- [Records for the exercise]:
□ □ □ □ □
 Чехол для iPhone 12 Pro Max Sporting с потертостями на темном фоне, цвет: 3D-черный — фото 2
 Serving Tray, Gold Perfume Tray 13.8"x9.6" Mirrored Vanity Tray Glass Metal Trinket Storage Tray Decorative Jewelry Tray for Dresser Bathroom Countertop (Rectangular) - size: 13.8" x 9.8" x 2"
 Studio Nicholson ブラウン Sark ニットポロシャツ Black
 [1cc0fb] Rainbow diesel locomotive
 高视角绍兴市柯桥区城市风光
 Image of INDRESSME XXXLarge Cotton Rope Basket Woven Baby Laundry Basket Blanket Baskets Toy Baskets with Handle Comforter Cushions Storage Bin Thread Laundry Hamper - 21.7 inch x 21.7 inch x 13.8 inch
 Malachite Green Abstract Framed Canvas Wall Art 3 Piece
□ □ □ □ □
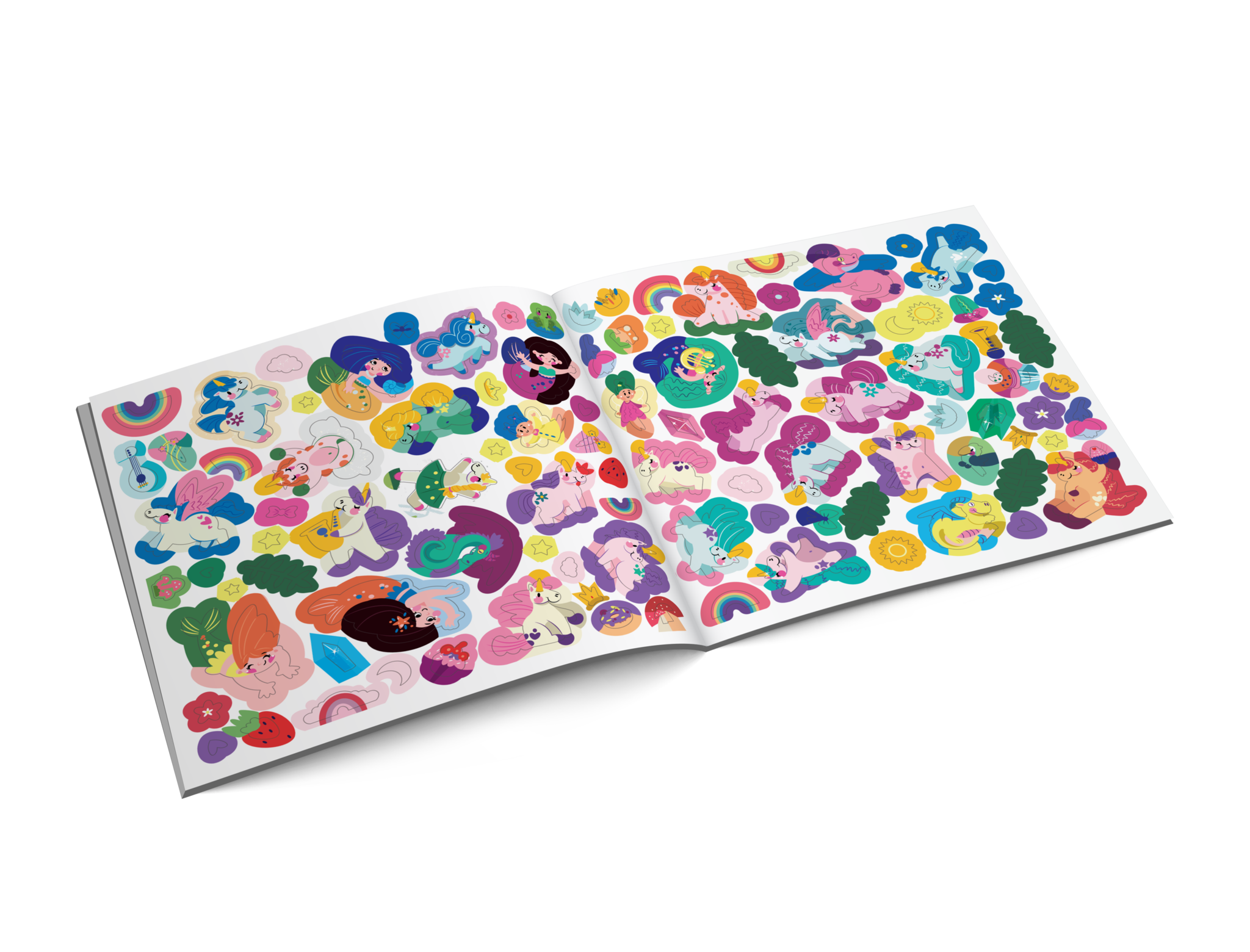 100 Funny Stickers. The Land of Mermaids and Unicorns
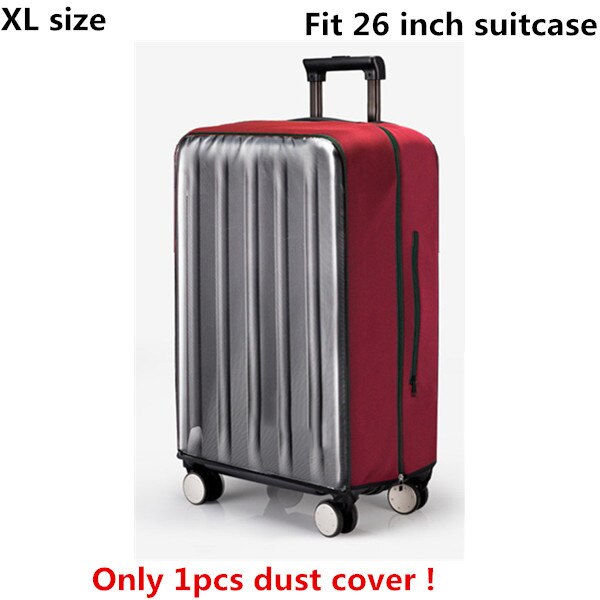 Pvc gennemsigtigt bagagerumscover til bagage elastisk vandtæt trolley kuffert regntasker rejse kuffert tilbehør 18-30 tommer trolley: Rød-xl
□ □ □ □ □
- [Work request]: State how many lines in the listing contain the word "Storage", and write nothing besides that number.

- [Response below]: 2